Tak banyak yang bisa saya lakukan selain berusaha mengabadikan momen ini dalam sebuah gambar diam kamera digital jadul, yang tak mampu menangkap suara sedikitpun jika saya memaksa untuk mengambil gambar bergerak dengan kamera yang sama. Seperti biasa, selain kamera jadul yang masih bagus digunakan hingga hari ini, untuk menangkap gambar bergerak, saya mengalihkannya pada Nokia cdma 6275i, dengan modal nekat lantaran tahu seberapa hasil pergerakan yang mampu dihasilkan oleh ponsel ini.
Eh, ternyata seorang sepupu membawa serta kamera Casio baru gres miliknya, yang lantas saya pinta menggantikan ponsel saya untuk merekam khusus pada gambar bergeraknya.
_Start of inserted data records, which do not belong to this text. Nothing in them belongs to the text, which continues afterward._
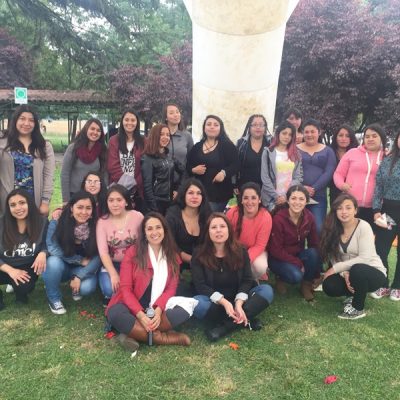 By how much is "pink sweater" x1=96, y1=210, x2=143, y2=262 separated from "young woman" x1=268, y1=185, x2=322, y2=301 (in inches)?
50.5

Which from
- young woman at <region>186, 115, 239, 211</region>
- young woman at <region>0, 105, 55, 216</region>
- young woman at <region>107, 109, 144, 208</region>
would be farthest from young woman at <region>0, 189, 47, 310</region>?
young woman at <region>186, 115, 239, 211</region>

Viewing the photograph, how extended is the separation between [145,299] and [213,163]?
5.33 ft

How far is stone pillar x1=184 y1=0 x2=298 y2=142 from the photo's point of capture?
5094 mm

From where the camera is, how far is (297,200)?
396 centimetres

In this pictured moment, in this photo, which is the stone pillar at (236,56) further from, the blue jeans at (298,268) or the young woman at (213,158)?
the blue jeans at (298,268)

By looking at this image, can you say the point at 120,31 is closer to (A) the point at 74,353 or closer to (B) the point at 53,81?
(B) the point at 53,81

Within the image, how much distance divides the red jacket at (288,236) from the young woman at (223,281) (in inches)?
22.1

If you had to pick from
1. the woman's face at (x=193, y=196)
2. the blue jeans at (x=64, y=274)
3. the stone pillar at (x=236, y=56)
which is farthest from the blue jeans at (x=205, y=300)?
the stone pillar at (x=236, y=56)

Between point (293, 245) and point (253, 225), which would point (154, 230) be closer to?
point (253, 225)

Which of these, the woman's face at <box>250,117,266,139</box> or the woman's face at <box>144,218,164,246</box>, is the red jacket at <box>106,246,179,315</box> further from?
the woman's face at <box>250,117,266,139</box>

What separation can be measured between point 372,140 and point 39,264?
3254 mm

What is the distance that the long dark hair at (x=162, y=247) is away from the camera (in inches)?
136

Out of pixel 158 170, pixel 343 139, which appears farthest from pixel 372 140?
pixel 158 170

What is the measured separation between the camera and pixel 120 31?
1497 cm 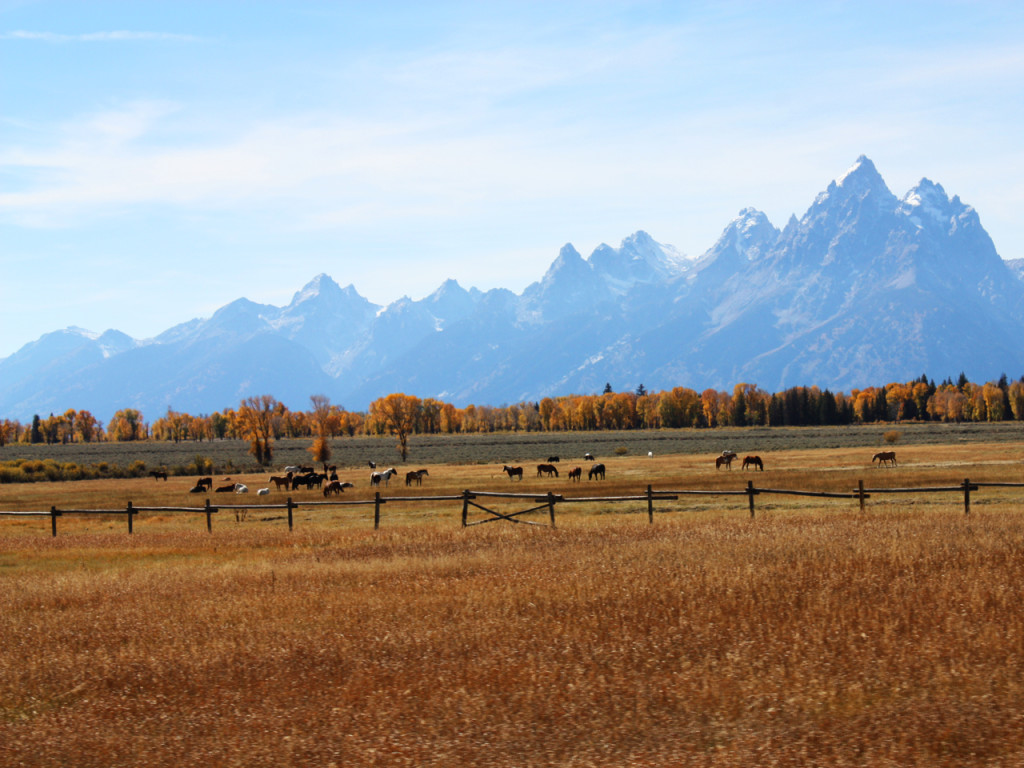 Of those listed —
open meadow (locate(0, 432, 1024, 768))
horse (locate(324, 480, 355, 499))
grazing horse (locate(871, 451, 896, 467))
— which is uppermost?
open meadow (locate(0, 432, 1024, 768))

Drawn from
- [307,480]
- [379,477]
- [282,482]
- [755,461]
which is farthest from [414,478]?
[755,461]

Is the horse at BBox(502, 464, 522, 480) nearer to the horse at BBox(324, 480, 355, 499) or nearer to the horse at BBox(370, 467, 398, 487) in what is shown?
the horse at BBox(370, 467, 398, 487)

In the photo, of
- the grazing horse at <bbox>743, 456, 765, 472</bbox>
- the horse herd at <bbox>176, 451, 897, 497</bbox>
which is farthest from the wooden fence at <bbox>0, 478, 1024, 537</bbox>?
the grazing horse at <bbox>743, 456, 765, 472</bbox>

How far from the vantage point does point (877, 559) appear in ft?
57.1

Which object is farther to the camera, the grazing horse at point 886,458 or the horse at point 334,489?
the grazing horse at point 886,458

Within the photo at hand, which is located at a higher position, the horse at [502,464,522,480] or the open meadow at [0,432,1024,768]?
the open meadow at [0,432,1024,768]

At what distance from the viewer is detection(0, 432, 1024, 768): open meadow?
9148 millimetres

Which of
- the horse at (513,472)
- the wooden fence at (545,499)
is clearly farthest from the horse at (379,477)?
the wooden fence at (545,499)

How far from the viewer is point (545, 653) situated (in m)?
12.1

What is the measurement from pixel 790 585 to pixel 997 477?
123 ft

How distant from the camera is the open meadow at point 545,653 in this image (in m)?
9.15

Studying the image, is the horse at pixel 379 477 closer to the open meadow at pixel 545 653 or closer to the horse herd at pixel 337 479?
the horse herd at pixel 337 479

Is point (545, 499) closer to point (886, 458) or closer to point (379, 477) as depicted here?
point (379, 477)

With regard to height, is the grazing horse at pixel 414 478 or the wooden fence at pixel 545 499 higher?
the wooden fence at pixel 545 499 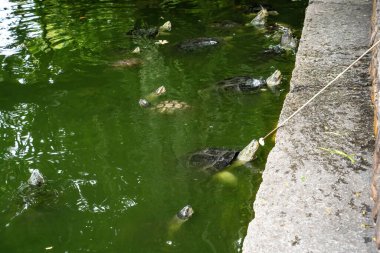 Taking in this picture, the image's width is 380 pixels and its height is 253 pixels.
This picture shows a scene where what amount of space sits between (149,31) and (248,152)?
14.0 feet

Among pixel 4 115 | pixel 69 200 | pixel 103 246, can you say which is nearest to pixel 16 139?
pixel 4 115

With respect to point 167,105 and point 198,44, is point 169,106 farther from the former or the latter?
point 198,44

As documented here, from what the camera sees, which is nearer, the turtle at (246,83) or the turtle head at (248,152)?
the turtle head at (248,152)

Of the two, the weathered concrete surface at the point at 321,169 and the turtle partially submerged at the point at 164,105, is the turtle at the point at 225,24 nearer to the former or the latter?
the weathered concrete surface at the point at 321,169

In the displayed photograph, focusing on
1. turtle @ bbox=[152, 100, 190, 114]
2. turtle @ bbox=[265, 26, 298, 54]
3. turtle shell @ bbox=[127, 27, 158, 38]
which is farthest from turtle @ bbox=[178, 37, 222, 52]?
turtle @ bbox=[152, 100, 190, 114]

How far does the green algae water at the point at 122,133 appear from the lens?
11.4 ft

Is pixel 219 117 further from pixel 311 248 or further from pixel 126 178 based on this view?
pixel 311 248

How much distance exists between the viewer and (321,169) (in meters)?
3.65

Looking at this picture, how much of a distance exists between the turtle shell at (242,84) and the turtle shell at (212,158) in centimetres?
147

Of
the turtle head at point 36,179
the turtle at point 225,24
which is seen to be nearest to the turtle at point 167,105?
the turtle head at point 36,179

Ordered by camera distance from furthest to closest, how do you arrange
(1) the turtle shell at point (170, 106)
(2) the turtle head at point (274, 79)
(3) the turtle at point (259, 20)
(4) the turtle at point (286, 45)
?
1. (3) the turtle at point (259, 20)
2. (4) the turtle at point (286, 45)
3. (2) the turtle head at point (274, 79)
4. (1) the turtle shell at point (170, 106)

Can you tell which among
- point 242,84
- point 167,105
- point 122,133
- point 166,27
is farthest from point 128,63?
point 122,133

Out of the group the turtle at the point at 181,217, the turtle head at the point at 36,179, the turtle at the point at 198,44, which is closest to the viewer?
the turtle at the point at 181,217

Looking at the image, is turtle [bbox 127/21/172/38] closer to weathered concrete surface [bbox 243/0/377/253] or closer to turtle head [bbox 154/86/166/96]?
turtle head [bbox 154/86/166/96] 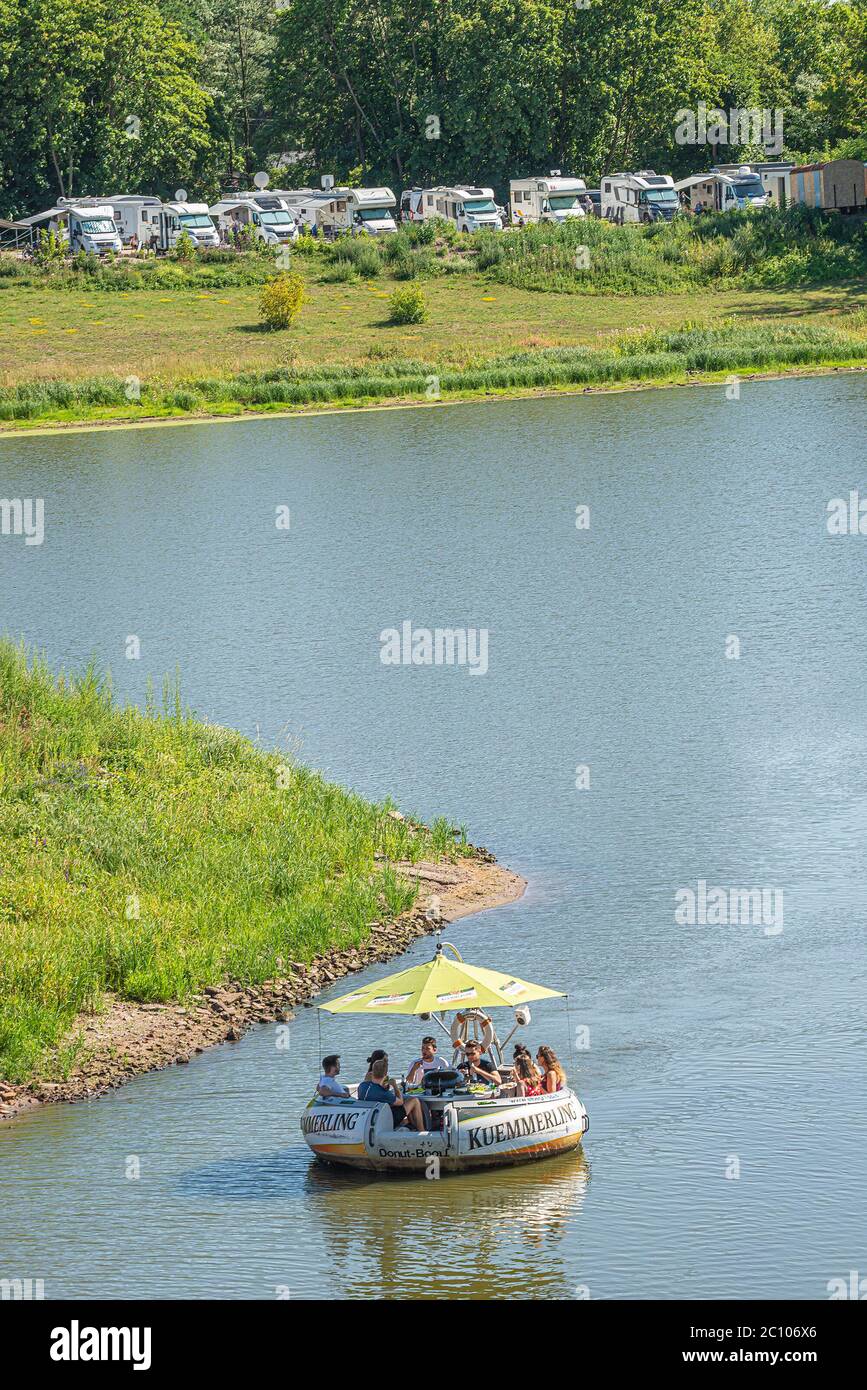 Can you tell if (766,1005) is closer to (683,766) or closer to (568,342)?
(683,766)

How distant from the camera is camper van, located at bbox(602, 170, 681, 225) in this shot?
150m

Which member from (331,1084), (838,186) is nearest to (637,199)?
(838,186)

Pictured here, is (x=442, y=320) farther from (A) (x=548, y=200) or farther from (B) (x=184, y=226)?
(A) (x=548, y=200)

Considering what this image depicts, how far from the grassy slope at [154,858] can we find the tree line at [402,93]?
11801 cm

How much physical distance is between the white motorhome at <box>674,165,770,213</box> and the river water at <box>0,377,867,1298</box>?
54.6 metres

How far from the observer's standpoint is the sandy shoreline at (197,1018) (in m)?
30.6

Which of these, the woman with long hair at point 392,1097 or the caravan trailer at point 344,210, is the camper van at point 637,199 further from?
the woman with long hair at point 392,1097

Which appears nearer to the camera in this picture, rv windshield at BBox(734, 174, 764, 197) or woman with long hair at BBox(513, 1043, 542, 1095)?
woman with long hair at BBox(513, 1043, 542, 1095)

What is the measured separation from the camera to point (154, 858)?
122 ft

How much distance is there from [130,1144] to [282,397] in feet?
268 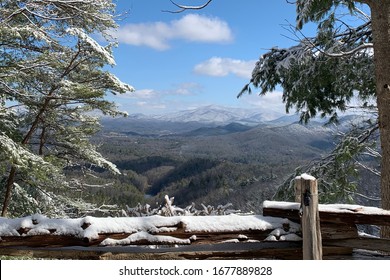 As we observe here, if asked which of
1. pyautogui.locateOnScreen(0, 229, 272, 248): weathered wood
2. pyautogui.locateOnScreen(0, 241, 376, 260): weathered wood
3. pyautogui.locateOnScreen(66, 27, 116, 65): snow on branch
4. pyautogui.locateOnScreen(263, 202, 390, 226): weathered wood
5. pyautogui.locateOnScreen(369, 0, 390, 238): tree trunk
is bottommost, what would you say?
pyautogui.locateOnScreen(0, 241, 376, 260): weathered wood

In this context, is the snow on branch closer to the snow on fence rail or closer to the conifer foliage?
the conifer foliage

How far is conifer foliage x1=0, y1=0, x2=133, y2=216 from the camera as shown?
8.27 m

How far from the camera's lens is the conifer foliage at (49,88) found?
827cm

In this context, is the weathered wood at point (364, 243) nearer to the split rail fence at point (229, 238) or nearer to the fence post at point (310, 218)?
the split rail fence at point (229, 238)

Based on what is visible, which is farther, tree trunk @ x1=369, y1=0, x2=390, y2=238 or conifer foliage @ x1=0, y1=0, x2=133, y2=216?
conifer foliage @ x1=0, y1=0, x2=133, y2=216

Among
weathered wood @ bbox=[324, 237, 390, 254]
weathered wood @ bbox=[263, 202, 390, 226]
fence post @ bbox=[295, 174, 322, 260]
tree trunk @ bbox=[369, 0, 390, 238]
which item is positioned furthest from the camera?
tree trunk @ bbox=[369, 0, 390, 238]

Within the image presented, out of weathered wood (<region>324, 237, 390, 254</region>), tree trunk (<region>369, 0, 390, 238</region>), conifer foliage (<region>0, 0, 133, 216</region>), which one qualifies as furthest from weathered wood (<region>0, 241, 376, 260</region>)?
conifer foliage (<region>0, 0, 133, 216</region>)

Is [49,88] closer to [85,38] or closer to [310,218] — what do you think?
[85,38]

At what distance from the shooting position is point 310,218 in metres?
3.11

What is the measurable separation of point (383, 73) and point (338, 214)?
2.73 m

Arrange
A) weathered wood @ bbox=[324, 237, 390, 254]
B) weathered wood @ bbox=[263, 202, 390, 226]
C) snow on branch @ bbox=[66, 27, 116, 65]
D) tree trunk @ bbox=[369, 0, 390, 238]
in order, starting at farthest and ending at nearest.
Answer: snow on branch @ bbox=[66, 27, 116, 65] → tree trunk @ bbox=[369, 0, 390, 238] → weathered wood @ bbox=[324, 237, 390, 254] → weathered wood @ bbox=[263, 202, 390, 226]

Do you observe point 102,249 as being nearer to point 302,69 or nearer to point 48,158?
point 302,69

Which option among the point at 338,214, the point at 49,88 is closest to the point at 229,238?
the point at 338,214

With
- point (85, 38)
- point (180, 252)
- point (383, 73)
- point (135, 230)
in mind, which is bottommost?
point (180, 252)
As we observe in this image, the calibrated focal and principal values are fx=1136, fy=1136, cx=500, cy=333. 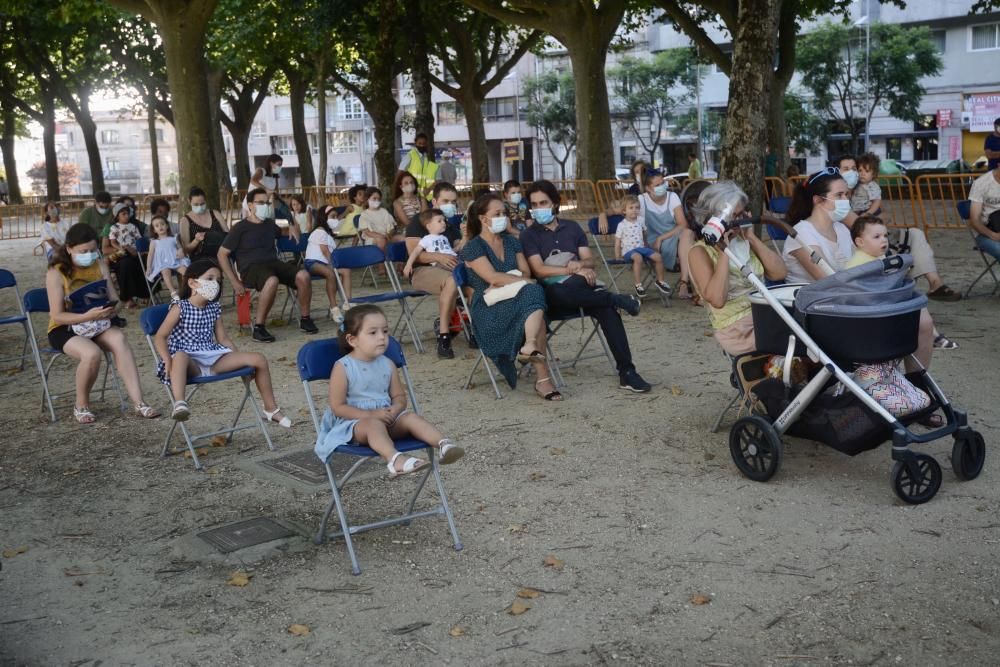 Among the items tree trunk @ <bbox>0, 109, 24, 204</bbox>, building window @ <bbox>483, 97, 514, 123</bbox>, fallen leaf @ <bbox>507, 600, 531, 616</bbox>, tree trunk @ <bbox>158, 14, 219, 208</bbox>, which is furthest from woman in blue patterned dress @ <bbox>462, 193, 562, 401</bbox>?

Ini memang inisiatif saya sendiri, apabila salah satu kerabat mengalami duka. Bukan apa-apa sih, hanya untuk sekedar yang bisa saya berikan pada almarhum. Karena biasanya pihak keluarga seakan melupakan kegiatan pengabadian momen paling berharga ini. Pikirannya malah lebih terfokus pada kegiatan utama, seperti halnya yang dilakukan oleh anak-anak Pekak.
Upacara NgeRingkes ini berlangsung cepat, secepat Pekak kalo mengambil pekerjaan rumah. Ya, kata orang sih, biasanya jalannya suatu upacara pengabenan merupakan cerminan sifat si almarhum. Silahkan dipercaya atau tidak.
Saya takkan bicara panjang lebar perihal jalannya Upacara hingga makna yang terkandung didalamnya. Yang pasti saat Jenasah Pekak dimandikan kembali oleh seluruh anak cucunya, tubuh Pekak terlihat putih bersih. Sebersih hati dan perjuangannya akan sebuah kehidupan….. Sungguh, Pekak terlihat seperti hanya memejamkan matanya dan tidur ditengah-tengah kami. Ketampanan Beliau masih terlihat di hari terakhirnya ini. Yang sayangnya tak menurun pada saya. He….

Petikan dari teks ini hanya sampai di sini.